Authority isn’t just derived from whether we can trust a source of information, but additionally whether we can be confident in passing that information along and putting our name to the fact that we made a judgement on its trustworthiness. We shortcut the process of personal judgement using known systems that are likely to give us accurate and trustworthy results; results we can share in good faith. We trust museums because museums are perceived to be trustworthy.
Do the film companies that run their scripts through Epagogix’s algorithms do so because it helps them shortcut the process of personal judgement too? Can algorithms provide better insight, or just safer insight? Eli Pariser says this of Netflix’s algorithms:
The problem with [the algorithm] is that while it’s very good at predicting what movies you’ll like — generally it’s under one star off — it’s conservative. It would rather be right and show you a movie that you’ll rate a four, than show you a movie that has a 50% chance of being a five and a 50% chance of being a one. Human curators are often more likely to take these kinds of risks.

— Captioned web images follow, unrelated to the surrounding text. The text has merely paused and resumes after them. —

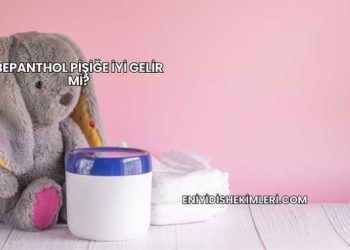 Bepanthol Pişiğe İyi Gelir mi?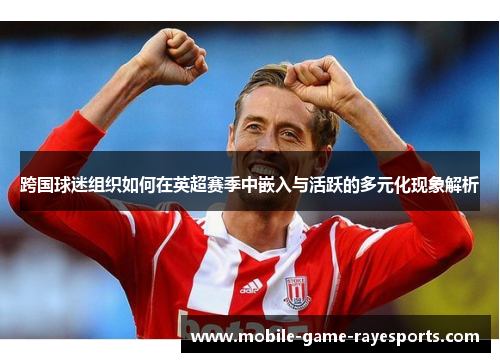 跨国球迷组织如何在英超赛季中嵌入与活跃的多元化现象解析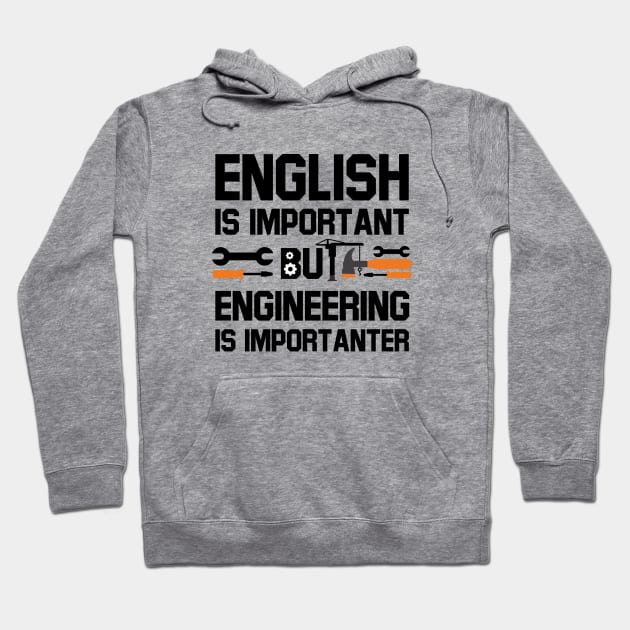 english is important but engineering is importanter Hoodie by pororopow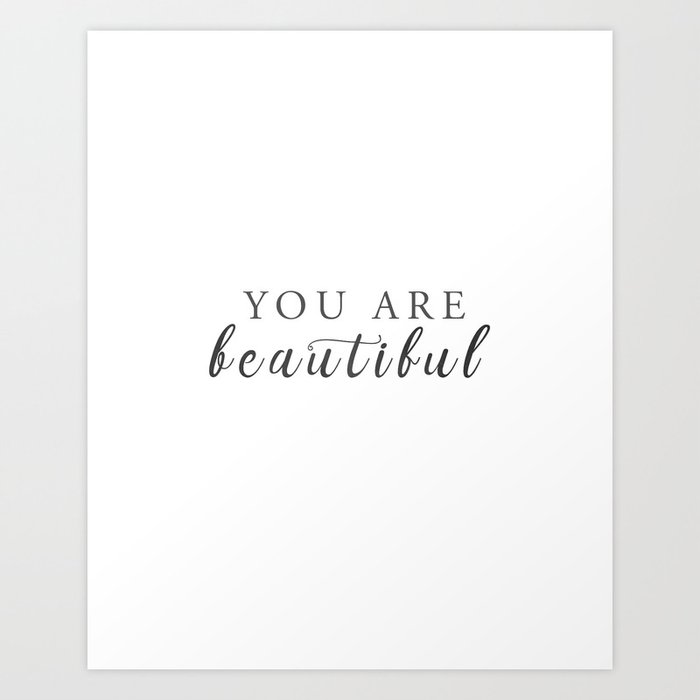 You are beautiful Art Print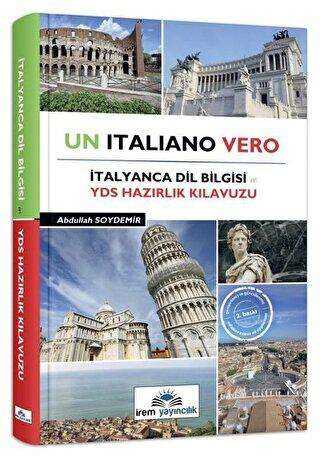 Un Italiano Vero - İtalyanca Dil Bilgisi YDS Hazırlık Kılavuzu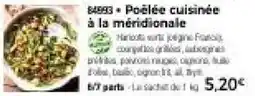 Thiriet Poêlée cuisinée à la méridionale offre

Right now, museums that do not embrace technology and technologically-driven solutions are often perceived to be risk averse, because doing so challenges existing practice. I wonder whether, with time, it will be those institutions that choose not to make choices driven by data that will become perceived as the risk-takers? This is a profession that is tied so strongly to notions of connoisseurship; what relationship will the museum have with the algorithm (internally, or external algorithms like those that drive Google and other sites)? I don’t have any answers yet, but I think it’s worth considering that museums no longer just share authority with the user-generated world; authority is also being shared with an algorithmically-shaped one.
What do you think?
6 thoughts on “In algorithms we trust.”
Hi Suzie, its an interesting curly and contemporary issue you raise. Perhaps more minefield than issue. I tried to think through the Netflix parallel for museums, and there is a direct one. Its quite conceivable, perhaps even desirable, that we have an algorithm that can predict, say, likely visitation to an exhibition on a given topic in a given city. Subject info combined with demographics and psychographics should make that reasonably achieveable. The “exhibition success predictor” app for museums. That’s just automating what we do now, and doesnt seem to relate to the authority of the museum per se.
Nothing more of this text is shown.